> [Supplied records]:
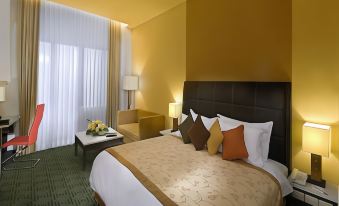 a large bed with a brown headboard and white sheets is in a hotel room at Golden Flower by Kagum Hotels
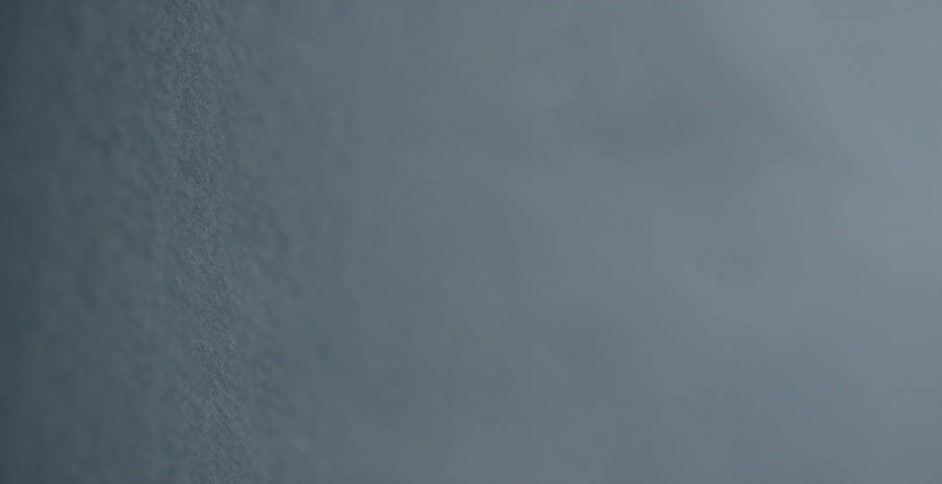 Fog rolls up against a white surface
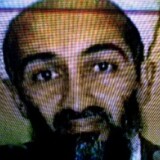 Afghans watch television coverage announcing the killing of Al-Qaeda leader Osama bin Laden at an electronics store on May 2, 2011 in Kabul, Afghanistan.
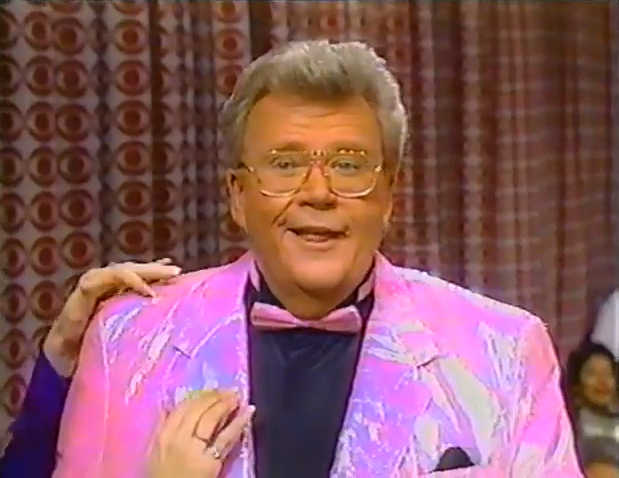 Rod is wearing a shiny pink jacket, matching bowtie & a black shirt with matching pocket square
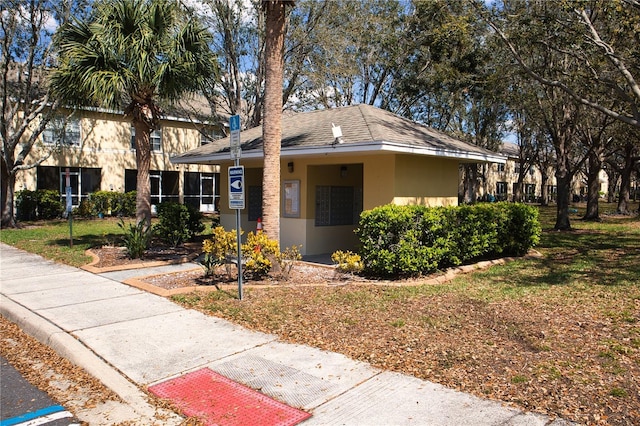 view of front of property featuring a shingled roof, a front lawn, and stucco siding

==

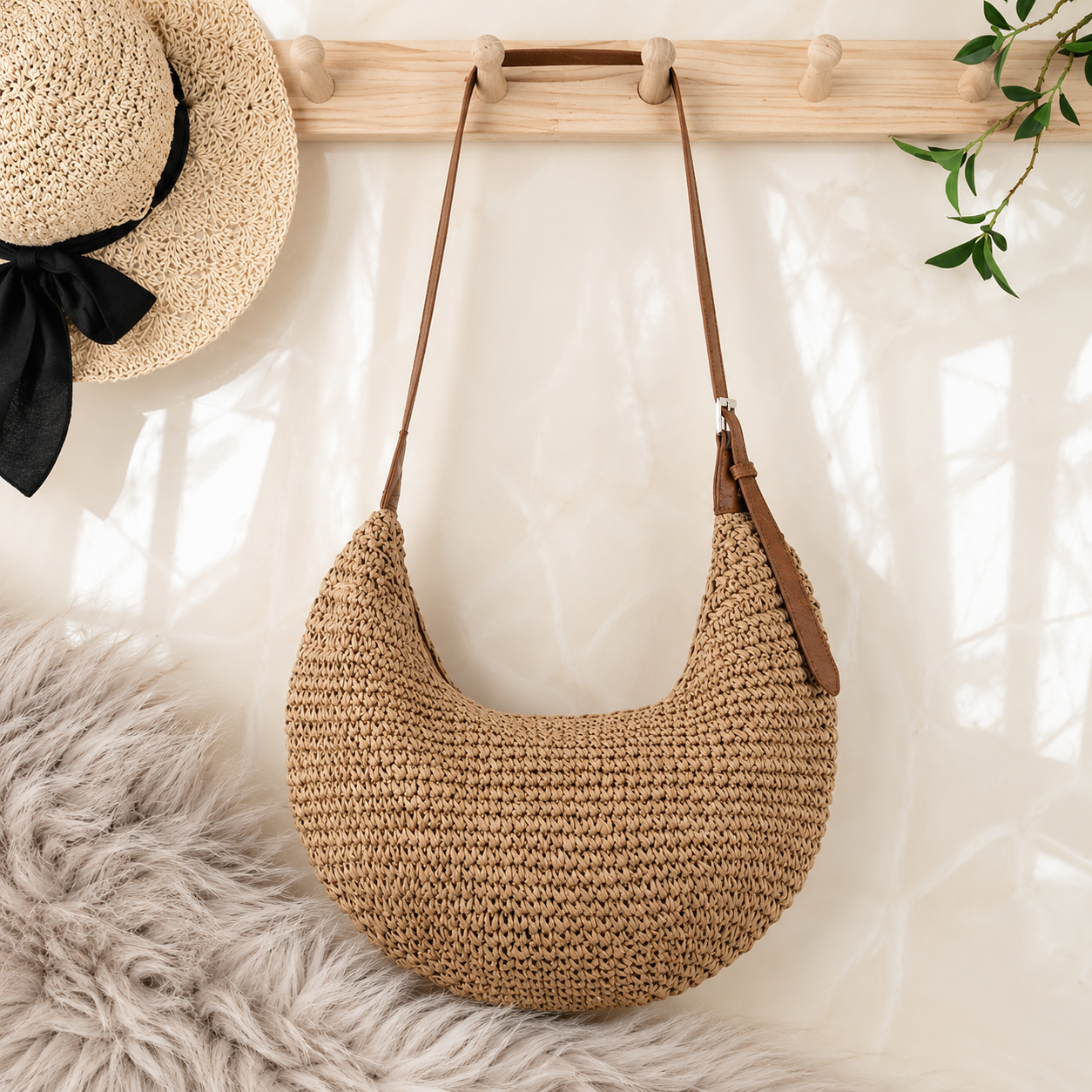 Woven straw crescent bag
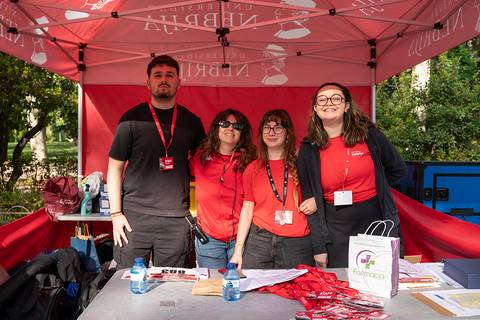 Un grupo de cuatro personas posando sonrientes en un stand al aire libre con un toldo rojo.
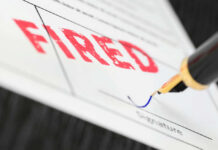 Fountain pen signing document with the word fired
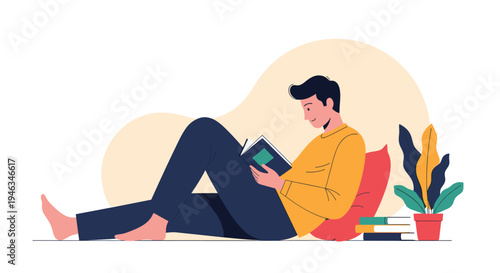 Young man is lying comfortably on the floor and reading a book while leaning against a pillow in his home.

> [The task]: Copy out the listing above from the line containing "Un grupo de" to the line containing "Young man is", both included, exactly as written and minus the images.

> [Written response]:
 Un grupo de cuatro personas posando sonrientes en un stand al aire libre con un toldo rojo.
 Fountain pen signing document with the word fired
 Young man is lying comfortably on the floor and reading a book while leaning against a pillow in his home.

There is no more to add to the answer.